I fear that, as a field, we are forgetting and/or neglecting the subtle yet important art creating unsafe spaces.

When we consider Sanford’s theory of challenge and support, we must always think about it in connection with some other developmental theory (I’ve written about the frequent misuse of Sanford here). In conversations around student activism and political engagement, the logical theory to apply is Perry’s Theory of Intellectual and Ethical Development.

In our world of social justice-focused practitioners, writing Perry off has become a favorite pastime of many in our field. Perry did most of his research on white men at Harvard – the most privileged of the privileged. Despite those shortcomings, Perry’s theory has stood the test of time and has been empirically validated across cultures, classes, and nationalities. Perry postulates that students develop intellectually along the following trajectory:

Notice that the arrows in between Perry’s stages go in multiple directions. This implies that students can both progress and regress along these stages. With the right blend of challenge and support, they progress, but with too much of one or not enough of the other, they can stagnate or, even worse, regress to previous, less developed ways of thinking.

So what does all of this have to do with the new social justice philosophy in student affairs? Simply, we now focus more on what students are saying rather than focusing on the thinking that led to those words. If the messages we hear from students are progressive and promote a message of social justice, we don’t dare challenge the intellectual underpinnings of those statements. To the contrary, we praise them for their activism and progressive thinking. However, if the messages we hear from students are traditionally conservative or not inclusive, we are quick to point out the flaws in their thinking or, even worse, we call them names (racist, homophobic, xenophobic, hyper-masculine, etc.).

This is problematic.

Dualism, even when cloaked in a social justice ideology, is still dualism. As a profession dedicated to student development, we should confront dualism whenever and however we see it - not just when it is cloaked in the ideology of political conservatism.

Frankly, we are doing our students a disservice if we do not help them develop intellectually, even if we support those causes for which they are fighting. A great example of how the dualism of some social justice activists can be confronted can be found in comments President Obama recently made about the #BLM movement. The President, clearly frustrated, criticized leaders of the group for refusing to sit down and engage in talks about meaningful reforms, stating that some #BLM leaders felt that such conversations “might compromise the purity of their position” – a way of thinking that is clearly dualistic in nature. President Obama was right to challenge this way of thinking – not because he opposes the aims or purposes of the #BLM movement, but because a dualistic “my way or the highway” approach to problem solving does not usually solve very many problems. President Obama has learned a lesson that many in our field could stand to learn – that social justice and intellectual development are not mutually exclusive. We do not have to pick one or the other. We can support the advancement of social justice while gently challenging the intellectual rigor of those arguing on its behalf.

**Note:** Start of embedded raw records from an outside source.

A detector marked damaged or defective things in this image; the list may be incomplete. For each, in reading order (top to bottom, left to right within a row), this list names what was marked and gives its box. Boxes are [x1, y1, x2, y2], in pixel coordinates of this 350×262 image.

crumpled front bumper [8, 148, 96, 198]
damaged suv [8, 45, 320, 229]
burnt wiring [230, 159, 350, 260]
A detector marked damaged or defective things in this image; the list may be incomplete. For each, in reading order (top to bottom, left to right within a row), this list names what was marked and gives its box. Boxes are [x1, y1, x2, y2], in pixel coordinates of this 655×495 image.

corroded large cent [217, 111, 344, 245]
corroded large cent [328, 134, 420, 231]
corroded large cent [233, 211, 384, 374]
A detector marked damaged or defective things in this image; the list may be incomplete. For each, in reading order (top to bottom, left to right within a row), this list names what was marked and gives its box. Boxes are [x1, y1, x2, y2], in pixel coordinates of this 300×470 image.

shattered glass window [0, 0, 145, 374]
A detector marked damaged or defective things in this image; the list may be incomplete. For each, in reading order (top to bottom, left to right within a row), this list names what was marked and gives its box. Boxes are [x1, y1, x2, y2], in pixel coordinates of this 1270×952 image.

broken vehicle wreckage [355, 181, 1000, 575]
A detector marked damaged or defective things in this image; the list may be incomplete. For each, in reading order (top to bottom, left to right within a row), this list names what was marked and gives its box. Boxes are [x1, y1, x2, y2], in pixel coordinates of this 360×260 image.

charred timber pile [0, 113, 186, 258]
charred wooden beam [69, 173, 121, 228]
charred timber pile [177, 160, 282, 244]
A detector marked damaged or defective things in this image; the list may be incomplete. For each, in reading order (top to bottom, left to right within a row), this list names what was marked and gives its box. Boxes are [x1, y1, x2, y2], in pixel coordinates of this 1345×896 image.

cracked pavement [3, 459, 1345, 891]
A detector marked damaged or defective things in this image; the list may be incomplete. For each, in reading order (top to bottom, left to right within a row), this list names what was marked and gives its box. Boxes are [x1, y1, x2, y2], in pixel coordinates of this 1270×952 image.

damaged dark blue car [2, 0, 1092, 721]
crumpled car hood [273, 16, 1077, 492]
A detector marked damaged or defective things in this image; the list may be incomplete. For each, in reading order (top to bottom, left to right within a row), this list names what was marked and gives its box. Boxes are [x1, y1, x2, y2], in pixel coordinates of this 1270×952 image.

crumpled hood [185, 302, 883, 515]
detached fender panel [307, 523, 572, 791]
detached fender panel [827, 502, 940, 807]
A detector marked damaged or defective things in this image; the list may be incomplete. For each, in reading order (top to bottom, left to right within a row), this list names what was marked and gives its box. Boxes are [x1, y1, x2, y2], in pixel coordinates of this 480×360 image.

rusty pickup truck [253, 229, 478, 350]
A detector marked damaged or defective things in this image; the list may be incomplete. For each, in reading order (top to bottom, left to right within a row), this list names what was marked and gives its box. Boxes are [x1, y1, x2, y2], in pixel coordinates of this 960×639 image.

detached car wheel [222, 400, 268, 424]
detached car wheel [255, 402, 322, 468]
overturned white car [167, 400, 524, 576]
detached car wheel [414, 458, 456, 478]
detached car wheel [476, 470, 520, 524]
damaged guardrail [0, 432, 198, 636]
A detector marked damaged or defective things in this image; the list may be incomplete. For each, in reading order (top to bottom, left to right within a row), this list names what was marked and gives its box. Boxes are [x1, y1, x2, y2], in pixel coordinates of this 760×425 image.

Dualistic social justice activism manifests itself in a variety of ways on college campuses across America every single day. The example we see most often is student protests leading to the dis-invitation of controversial speakers. The dualistic “this person is wrong and I am right” way of thinking that fuels these protests would be best replaced by a “let me hear what this person has to say, understand this issue from their perspective, weigh the merits of their argument against my own views on the matter, and see if there are issues on which we may actually agree” way of thinking. But instead of creating the unsafe space where those conversations can happen, we create a protective cocoon – a safe space where students are left free to think what they want to think without ever being forced to consider an issue from someone else’s perspective.  We dis-invite controversial speakers.  We choose social justice over student development; safe space over unsafe space.

Imagine, for a moment, that you worked at one of the campuses where students have openly supported Donald Trump’s candidacy for President. The response to these incidents on the popular student affairs Facebook groups and twitter channels has been predictable – joining in with the social justice activists, shaming the students supporting Trump, calling them any manner of names (I’m not sure very many people knew the meaning of xenophobia until Donald Trump became a serious presidential candidate) and demanding accountability for political speech that is clearly protected by the First Amendment. But how many of us have sat down with a student supporting Trump to find out why? How many of us have facilitated those conversations between and among our students?

What if we learned that a student who supported Trump was a first-generation college student whose parents lost their jobs in the manufacturing sector when those jobs were shipped overseas. Then, his parents could not find a good paying job at the local food processing plant because of the suppressed wages brought on by the flood of illegal immigrants working in that plant. Imagine that this student’s parents are on unemployment with no hopes of finding a good-paying job in their hometown and this student is having to now work two jobs to pay for his education because his parents can no longer afford to help him. So for him, when he hears Trump talk about how bad trade deals and illegal immigration are suppressing wages and screwing over the working class, “Make America Great Again” isn’t a message of hate or xenophobia at all but, rather, a message of economic prosperity that resonates with his own lived experience.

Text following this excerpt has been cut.